(ENTRIES SUPPLIED Opens)

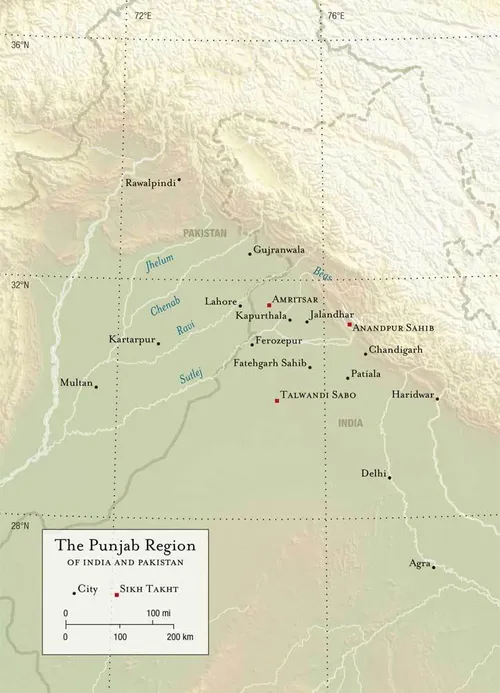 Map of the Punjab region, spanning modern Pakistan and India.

(ENTRIES SUPPLIED Closes)
(ENTRIES SUPPLIED Opens)

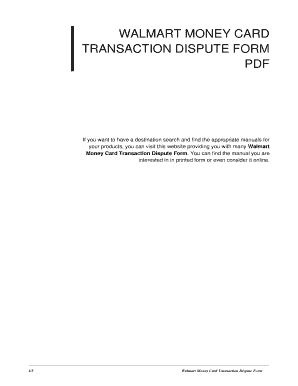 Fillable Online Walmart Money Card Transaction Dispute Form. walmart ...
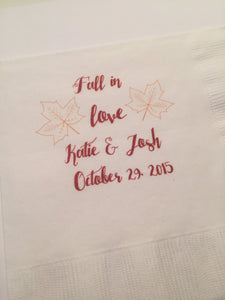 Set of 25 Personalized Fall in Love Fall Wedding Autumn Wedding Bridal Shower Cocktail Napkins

(ENTRIES SUPPLIED Closes)

AIM OF THE EXERCISE: Return exactly the lines of the material above, starting at the line containing "Fillable Online Walmart" and finishing at the line containing "Set of 25 Personalized", without any pictures.

RESULT OF THE EXERCISE:
 Fillable Online Walmart Money Card Transaction Dispute Form. walmart ...
 Set of 25 Personalized Fall in Love Fall Wedding Autumn Wedding Bridal Shower Cocktail Napkins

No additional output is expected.